WHAT YOU HAVE TO DO
What are the lines, word for word, from the line with "I Want Adventure" up to and including the line with "Chateaucore Ivory Sage" in the records below? Omit the pictures.

SOURCE DATA Start Marker

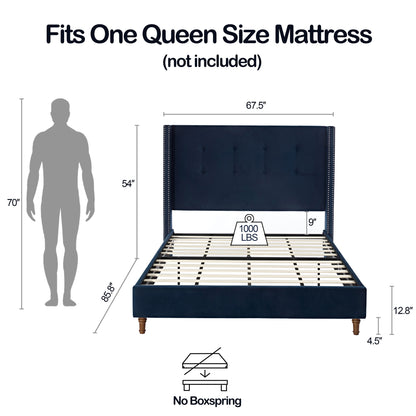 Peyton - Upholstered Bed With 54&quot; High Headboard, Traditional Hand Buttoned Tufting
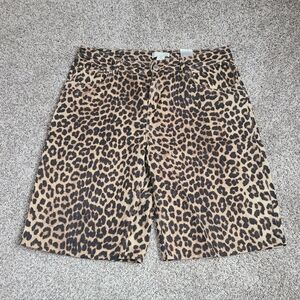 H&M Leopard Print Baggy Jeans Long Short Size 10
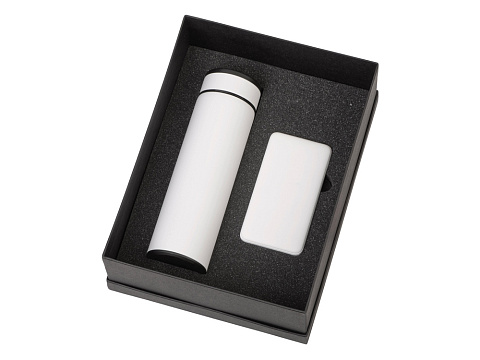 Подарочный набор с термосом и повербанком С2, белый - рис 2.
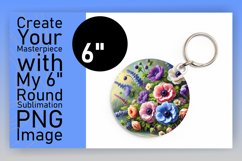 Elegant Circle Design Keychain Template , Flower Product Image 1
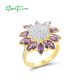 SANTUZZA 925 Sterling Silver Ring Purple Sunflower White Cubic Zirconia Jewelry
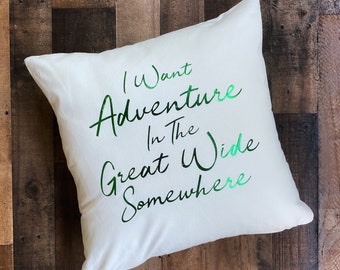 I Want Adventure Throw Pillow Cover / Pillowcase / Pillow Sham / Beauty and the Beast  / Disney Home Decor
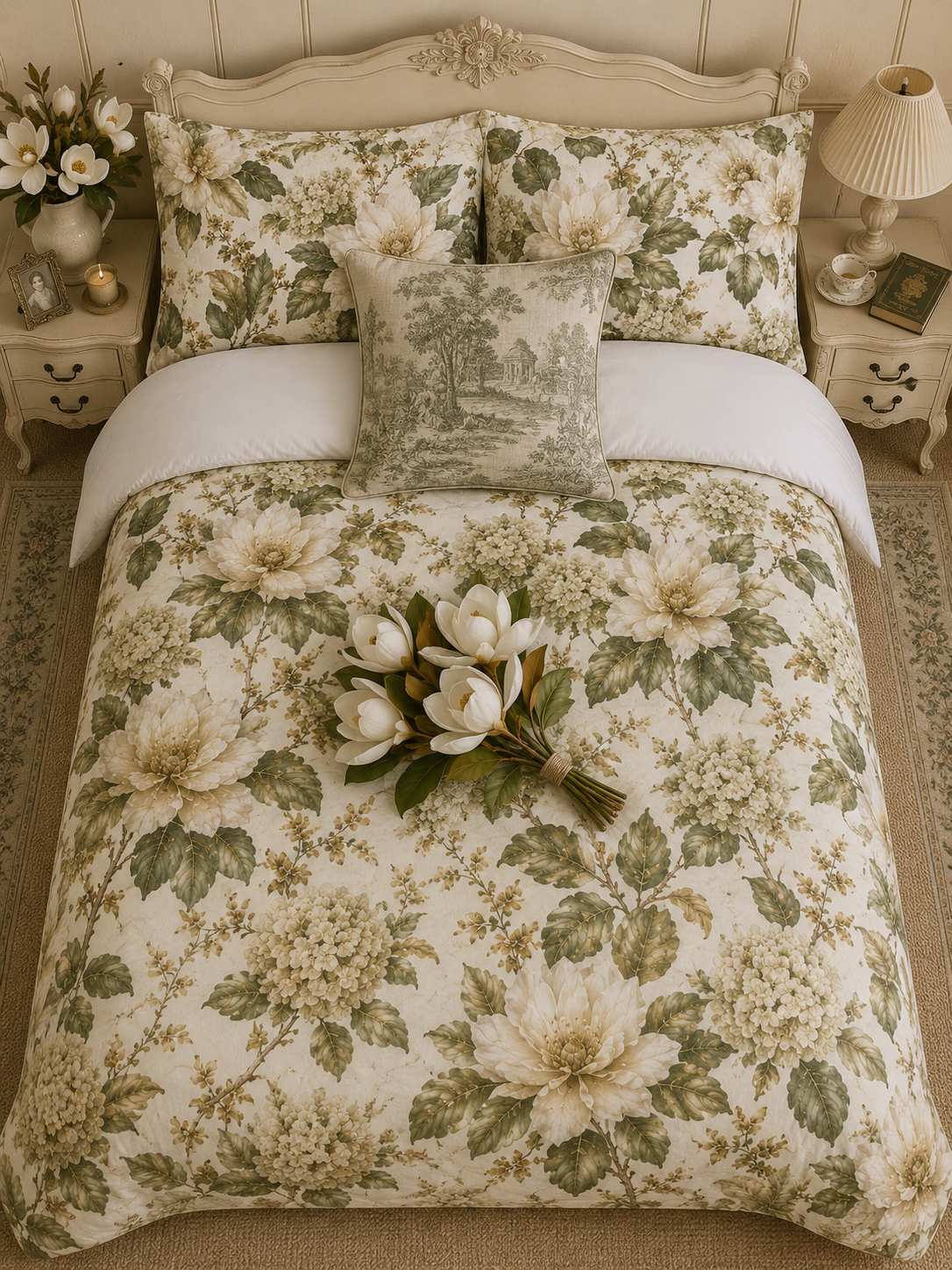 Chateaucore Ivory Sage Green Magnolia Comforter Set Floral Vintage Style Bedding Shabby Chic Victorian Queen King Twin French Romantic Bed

SOURCE DATA End Marker
SOURCE DATA Start Marker

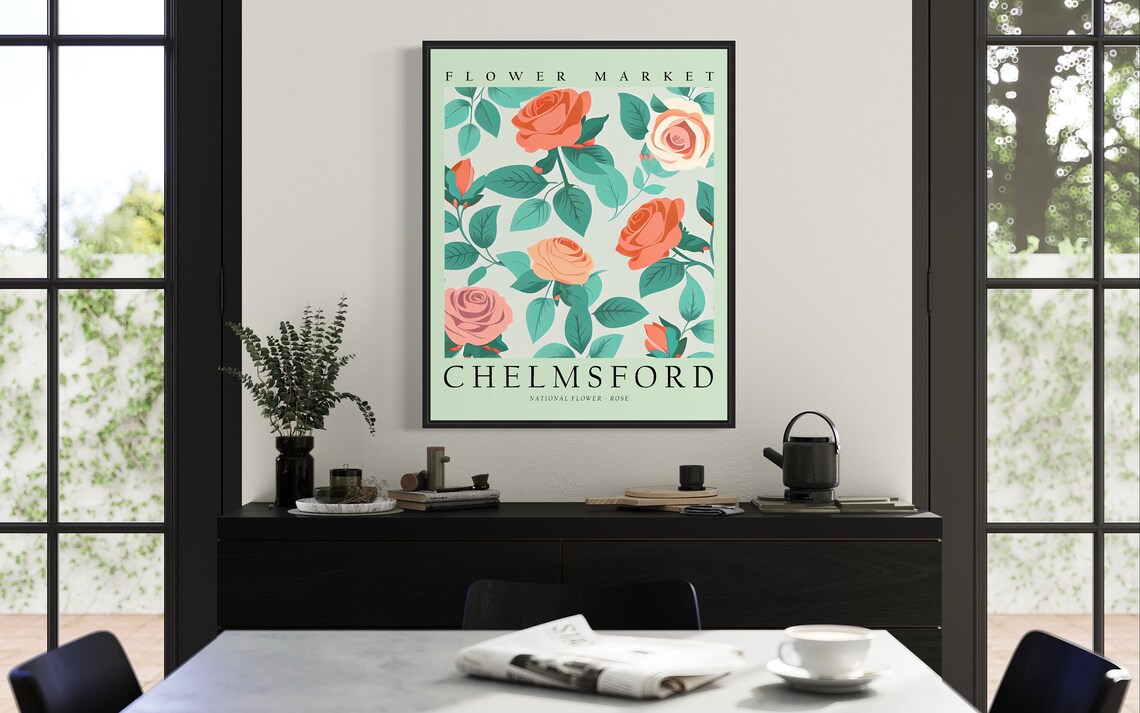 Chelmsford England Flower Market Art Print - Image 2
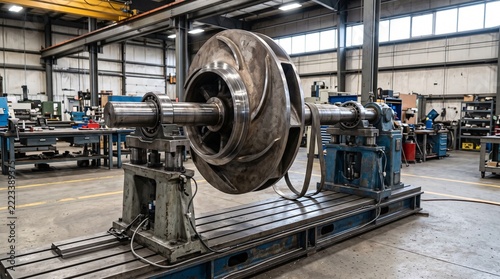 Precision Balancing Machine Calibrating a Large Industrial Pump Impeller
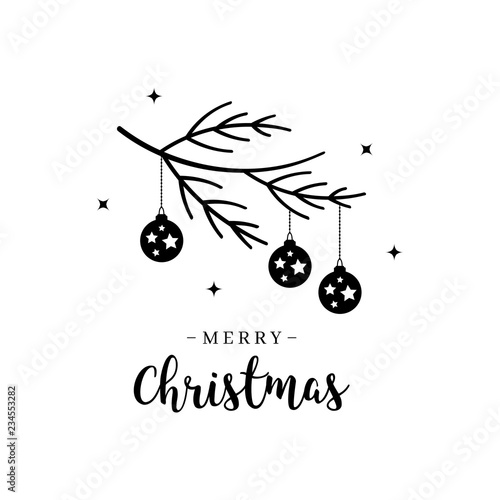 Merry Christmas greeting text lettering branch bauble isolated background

SOURCE DATA End Marker
SOURCE DATA Start Marker

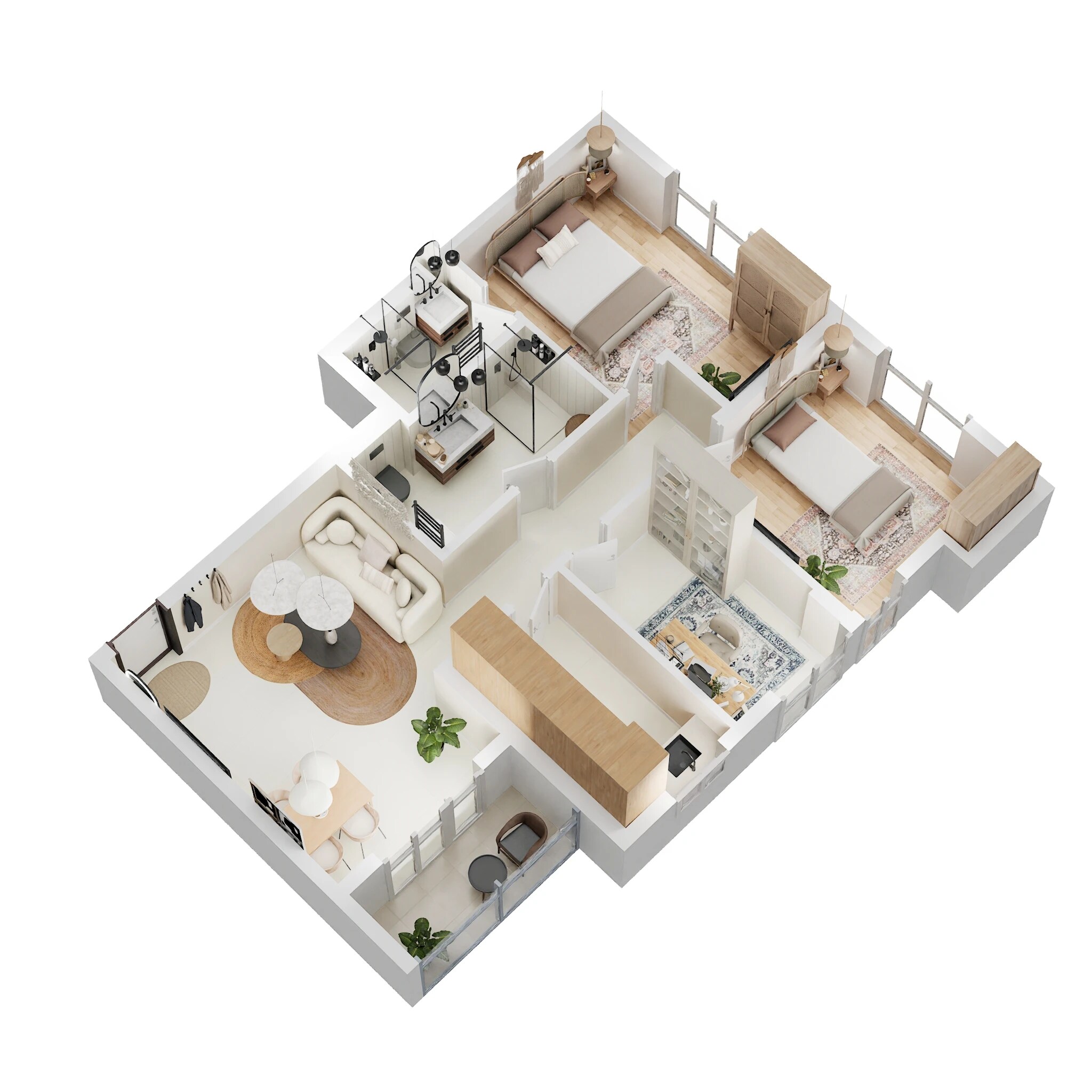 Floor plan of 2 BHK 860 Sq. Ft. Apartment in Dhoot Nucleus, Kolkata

SOURCE DATA End Marker

EXERCISE OUTPUT
 I Want Adventure Throw Pillow Cover / Pillowcase / Pillow Sham / Beauty and the Beast  / Disney Home Decor
 Chateaucore Ivory Sage Green Magnolia Comforter Set Floral Vintage Style Bedding Shabby Chic Victorian Queen King Twin French Romantic Bed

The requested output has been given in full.